═══ EXCERPTED RECORDS ═══

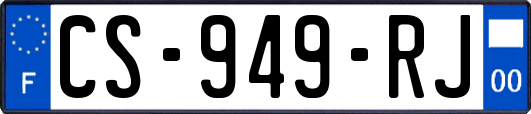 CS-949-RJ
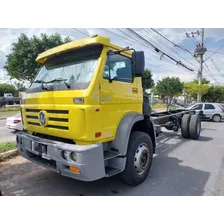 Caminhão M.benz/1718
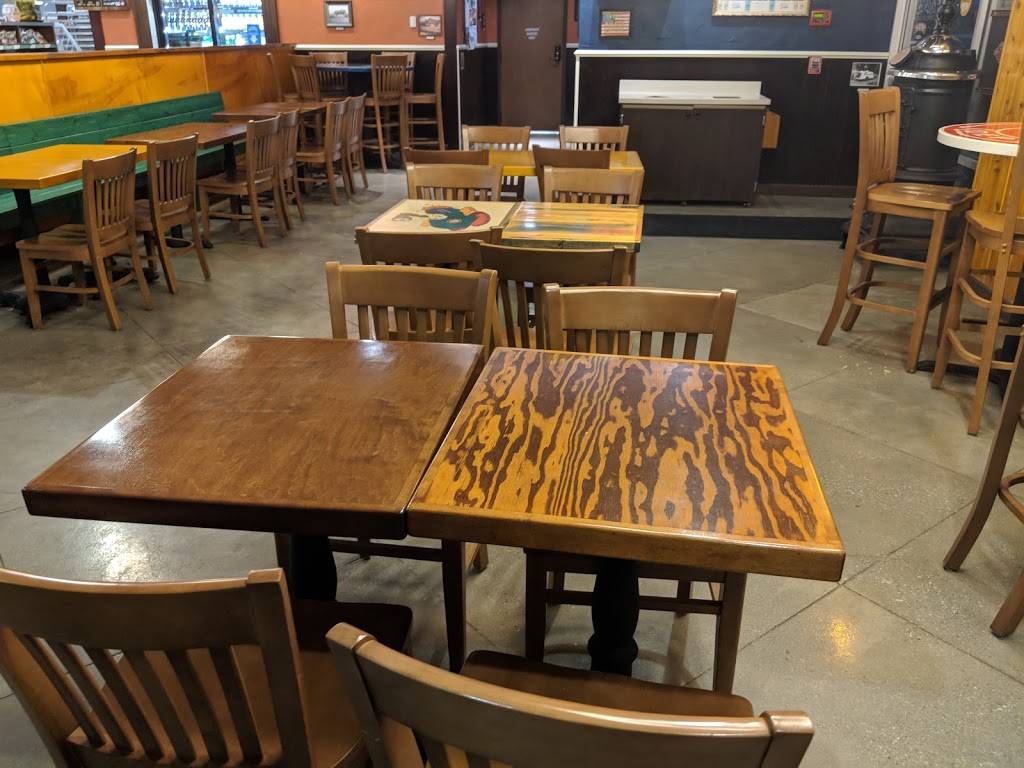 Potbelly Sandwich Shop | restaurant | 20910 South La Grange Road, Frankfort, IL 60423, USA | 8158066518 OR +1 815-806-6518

═══
═══ EXCERPTED RECORDS ═══

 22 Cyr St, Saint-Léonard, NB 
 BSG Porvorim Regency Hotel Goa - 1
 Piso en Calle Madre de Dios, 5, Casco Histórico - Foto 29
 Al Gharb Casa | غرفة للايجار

═══

TASK INSTRUCTIONS: Starting with the line above that holds "BSG Porvorim Regency Hotel Goa - 1" and stopping with the line that holds "Al Gharb Casa | غرفة للايجار", reproduce each line exactly, omitting all other lines.

WRITTEN ANSWER:
 BSG Porvorim Regency Hotel Goa - 1
 Piso en Calle Madre de Dios, 5, Casco Histórico - Foto 29
 Al Gharb Casa | غرفة للايجار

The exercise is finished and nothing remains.